They're both loud mouthed iconclasts - my kind of people! I respect them both highly, and they're both on the list of people I'd gladly buy a beer (or other refreshing beverage of choice) if I met in person. But that doesn't mean I'm in 100% - or even more than, say, 70% - agreement with either one.
Free radicals, for those of you who haven't any knowledge of nutritional/environmental terms, are components that interfere or completely disrupt cellular activity, e.g., carbon monoxide, lead, PCBs, radioactivity and other carcinogens.

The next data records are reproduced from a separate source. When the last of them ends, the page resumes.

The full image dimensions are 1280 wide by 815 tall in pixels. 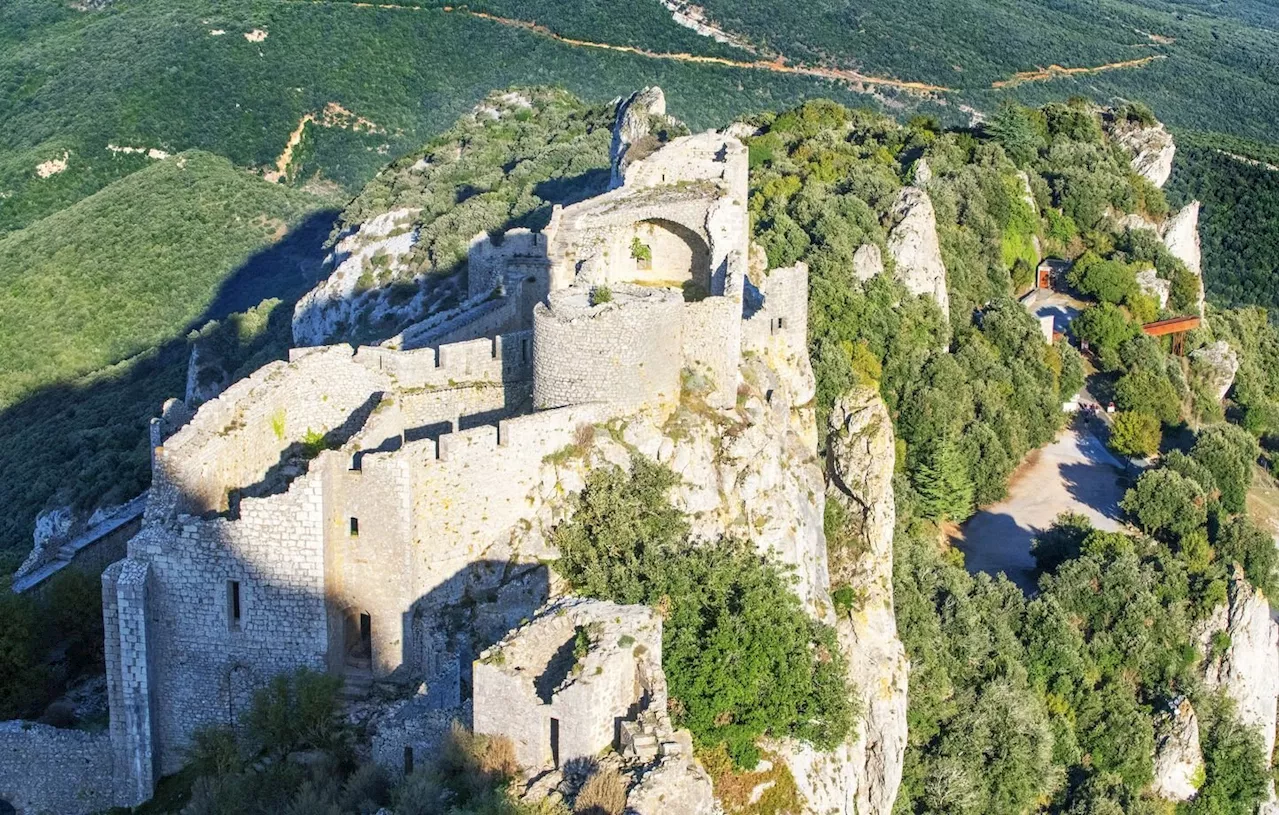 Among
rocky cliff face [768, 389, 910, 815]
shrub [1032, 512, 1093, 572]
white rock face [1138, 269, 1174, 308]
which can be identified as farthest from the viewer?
white rock face [1138, 269, 1174, 308]

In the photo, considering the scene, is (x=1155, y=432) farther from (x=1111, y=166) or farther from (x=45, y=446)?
(x=45, y=446)

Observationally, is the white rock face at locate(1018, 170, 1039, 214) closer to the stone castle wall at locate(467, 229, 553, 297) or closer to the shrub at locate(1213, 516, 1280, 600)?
the shrub at locate(1213, 516, 1280, 600)

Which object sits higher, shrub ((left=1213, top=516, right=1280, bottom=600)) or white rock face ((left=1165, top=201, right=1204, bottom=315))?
white rock face ((left=1165, top=201, right=1204, bottom=315))

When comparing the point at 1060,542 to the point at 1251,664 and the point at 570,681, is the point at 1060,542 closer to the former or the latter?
the point at 1251,664

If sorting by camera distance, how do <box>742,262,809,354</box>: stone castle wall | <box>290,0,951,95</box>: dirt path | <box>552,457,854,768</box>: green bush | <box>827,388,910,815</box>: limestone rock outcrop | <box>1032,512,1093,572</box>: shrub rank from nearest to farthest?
<box>552,457,854,768</box>: green bush → <box>827,388,910,815</box>: limestone rock outcrop → <box>742,262,809,354</box>: stone castle wall → <box>1032,512,1093,572</box>: shrub → <box>290,0,951,95</box>: dirt path

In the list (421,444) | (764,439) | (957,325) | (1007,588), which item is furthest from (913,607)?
(957,325)

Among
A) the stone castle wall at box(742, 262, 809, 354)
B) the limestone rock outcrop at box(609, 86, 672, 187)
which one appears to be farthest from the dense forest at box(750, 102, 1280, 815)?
the stone castle wall at box(742, 262, 809, 354)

No. Radicals are (chemists, please correct me here as necessary, my last chem class was 15 years ago) highly reactive molecules - or maybe more accurately "molecule parts", since they're not stable by themselves - that are strongly bouind together and act as oxidizing agents. Free radicals are radicals not bound in a molecule; they wander around breaking molecular bonds, not a good thing for the health of a cell. Carbon monoxide might qualify as a free radical, I'm not sure.
Free radicals are produced as a side-effect of normal biological processes; they can also be produced by radiation breaking molcular bonds. Anti-oxidants act to neutralize free radicals.
Lead is a heavy metal. It's a toxin, but not a free radical.
Radioactivity can create free radicals, but is not a free radical.
PCBs are toxic molecules, but are not free radicals.
I strongly agree that these are all bad things to have floating around the environment; but we need to know the enemy.
I'm sure Leonardo "EarthDayBoy" diCaprio, owner of two SUVs, appreciates your disapproval.
You don't mean that corporate and government-approved Earth Day celebrations might be...a hypcritical scam? A means of paying lip-service to environmentalism without any real action? Perish the thought.
A little poem I performed at the 1995 Earth Day celebration at the University of Maryland College Park:
Happy Earth Day! The oil corporations Invite you to their ironic celebrations. Your corporate sponsors are indeed getting green, The color of cash, from their profits obscene A sham of environmentalism is such good P.R. While our ancient growth forests, they cover with tar.
Yell ``Save the Earth!'' while the poison land and sea A shining example of greed and hypocracy.
Harvest rare trees to build grandfather clocks But send them to you in a recycled box.
For twenty-four hours, they'll hold Mother Earth dear. But don't ask what they do the rest of the year.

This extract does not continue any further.